Records from a data collection
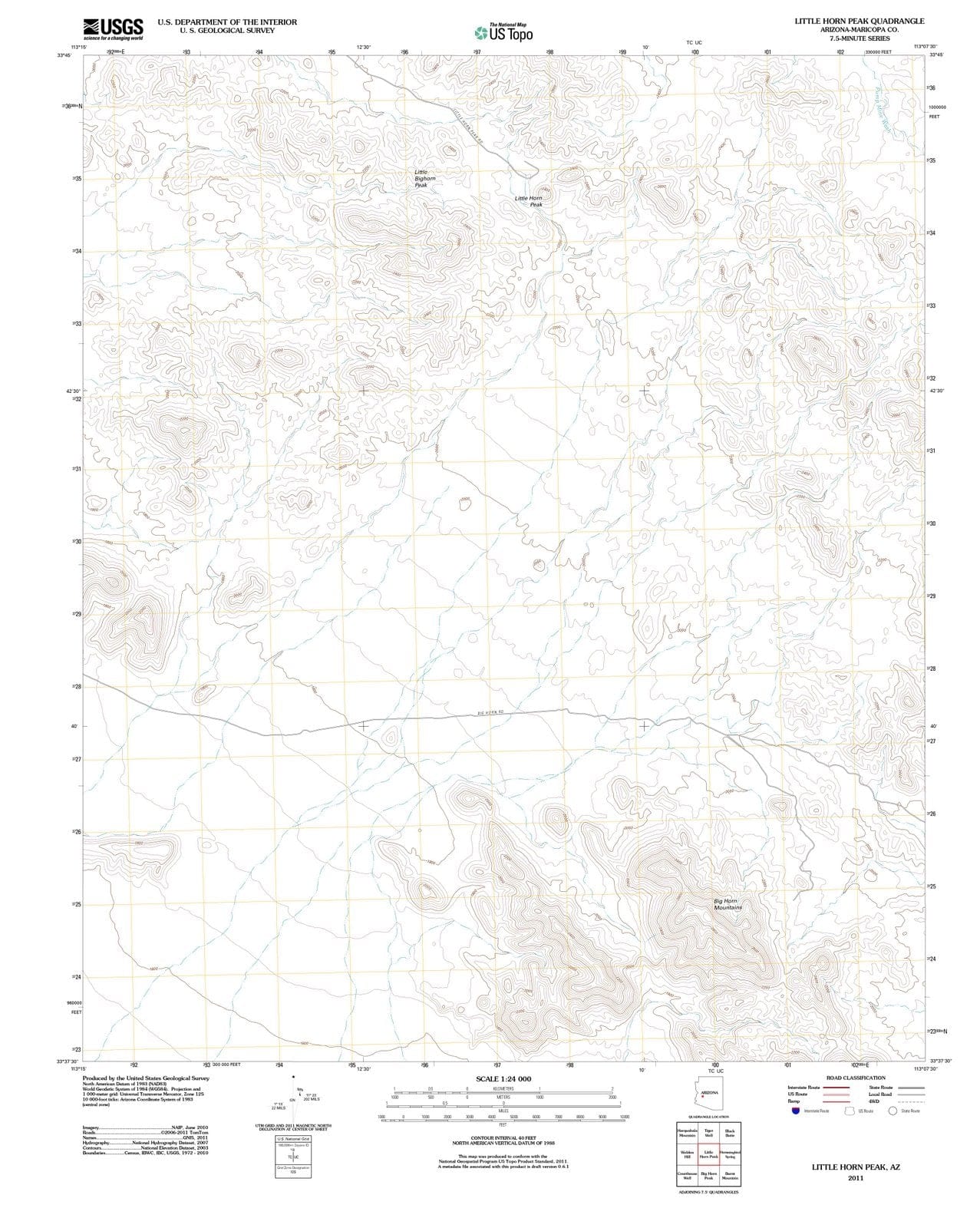2011 Little Horn Peak, AZ - Arizona - USGS Topographic Map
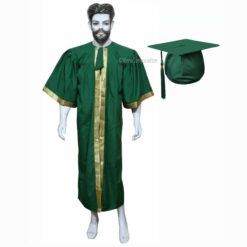 ''Green Matte Graduation Gown and Cap with Golden Border''>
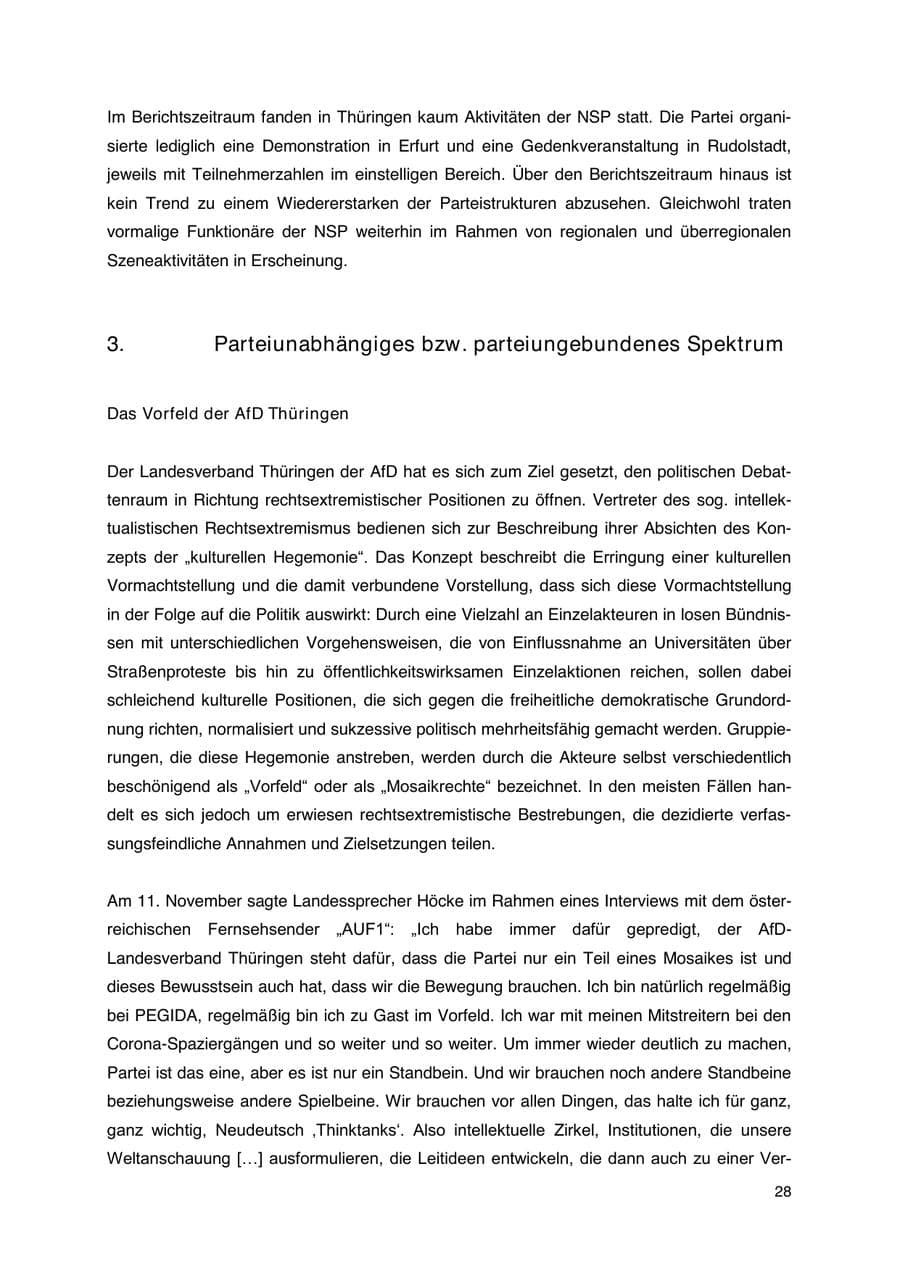 Seite 29 des Verfassungsschutzbericht 2023 Thüringen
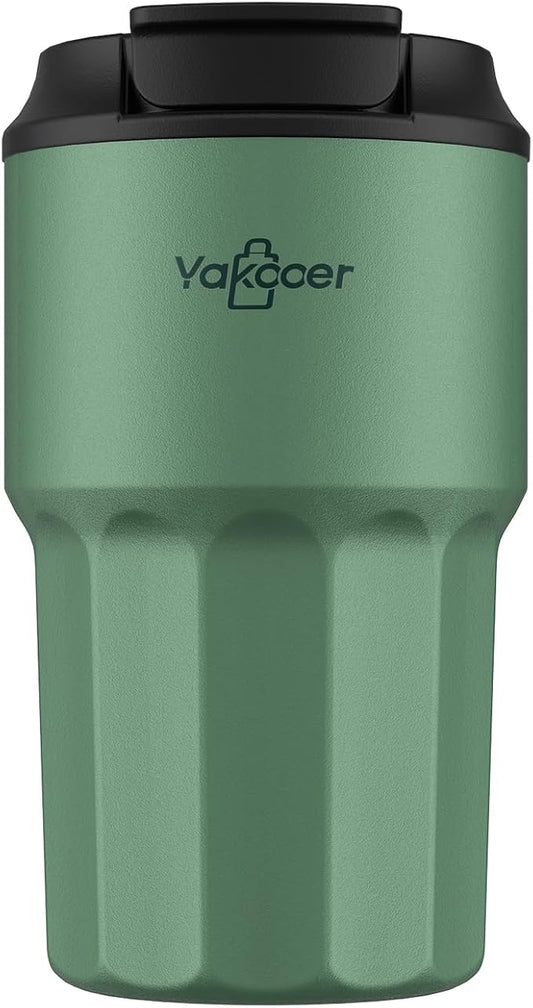 16 oz Coffee Insulated Tumbler with Lid and Flip Straw, Leak-Proof Food Grade 304 Stainless Steel Travel Coffee Mug, Double Wall Vacuum Cup for Hot and Cold Drinks (Green)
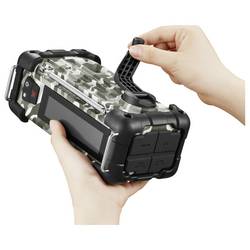 Sangean MMR-99 DAB+ Camo A500555 Nouzové rádio, DAB+, FM, AUX, USB, Bluetooth, Solární panel, Ruční klika, s USB nabíječkou, Arctic Camo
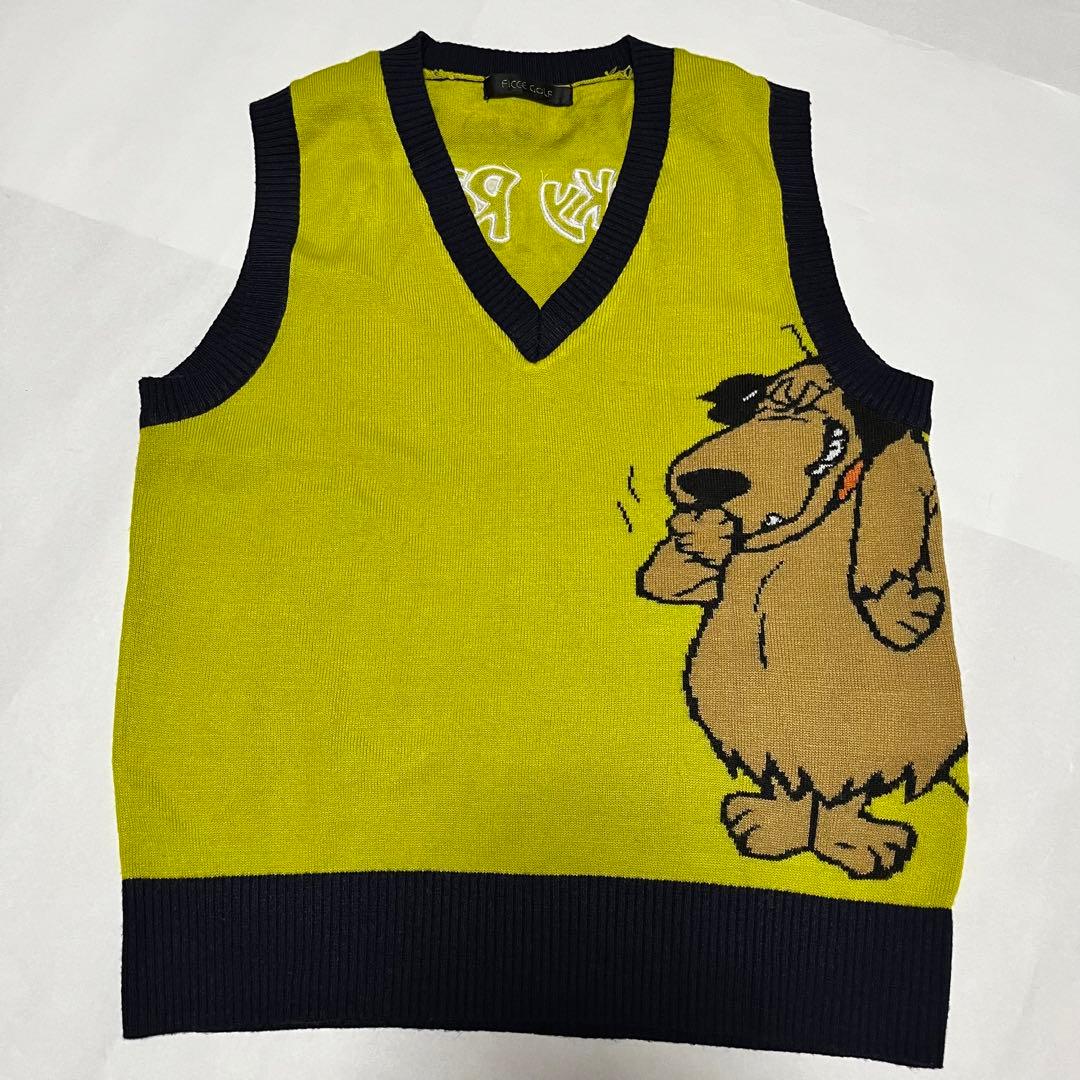ゴルフ　ケンケン　ニット　ベスト　黄色　イエロー　派手　重ね着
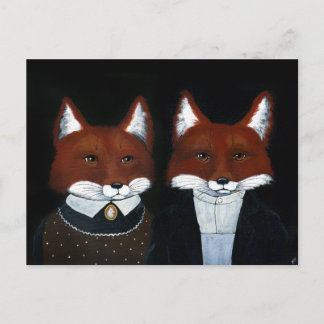 Cartão Postal Raposas Cachorros de Arte Folclórica, Cartão-posta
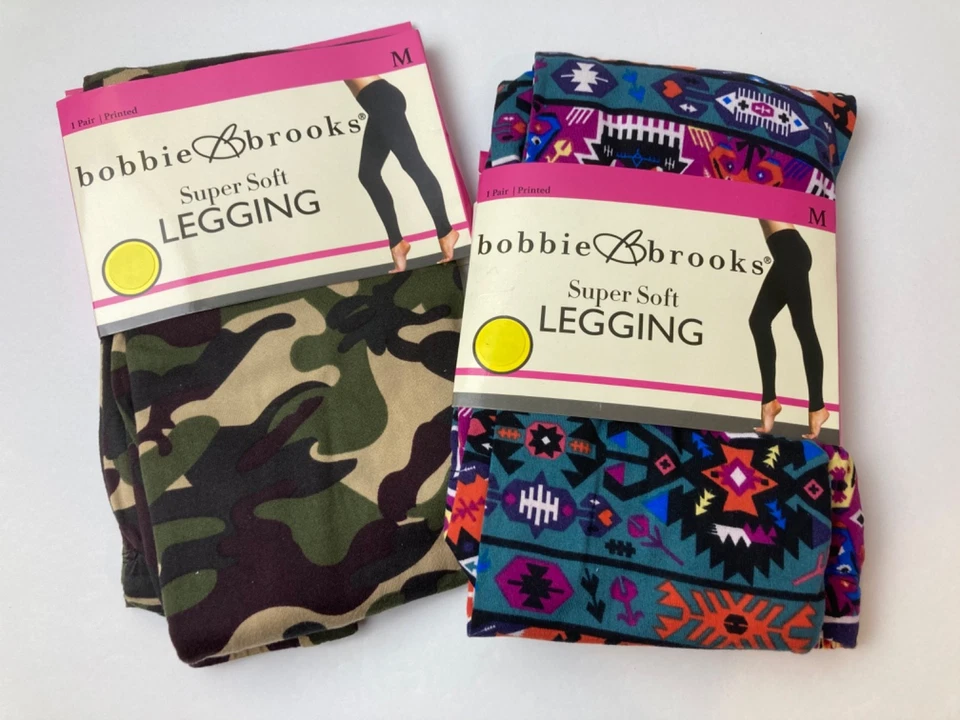 (2) Bobbie Brooks Leggings Súper Suaves Azteca Camuflaje Yoga Pantalones Medianos (8-10) Foto 1 de 4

- _WORK ORDER_:
What is needed is an exact copy of every entry, minus the images.

- _YOUR RESPONSE_:
2011 Little Horn Peak, AZ - Arizona - USGS Topographic Map
 ''Green Matte Graduation Gown and Cap with Golden Border''>
 Seite 29 des Verfassungsschutzbericht 2023 Thüringen
 16 oz Coffee Insulated Tumbler with Lid and Flip Straw, Leak-Proof Food Grade 304 Stainless Steel Travel Coffee Mug, Double Wall Vacuum Cup for Hot and Cold Drinks (Green)
 Sangean MMR-99 DAB+ Camo A500555 Nouzové rádio, DAB+, FM, AUX, USB, Bluetooth, Solární panel, Ruční klika, s USB nabíječkou, Arctic Camo
ゴルフ　ケンケン　ニット　ベスト　黄色　イエロー　派手　重ね着
 Cartão Postal Raposas Cachorros de Arte Folclórica, Cartão-posta
 (2) Bobbie Brooks Leggings Súper Suaves Azteca Camuflaje Yoga Pantalones Medianos (8-10) Foto 1 de 4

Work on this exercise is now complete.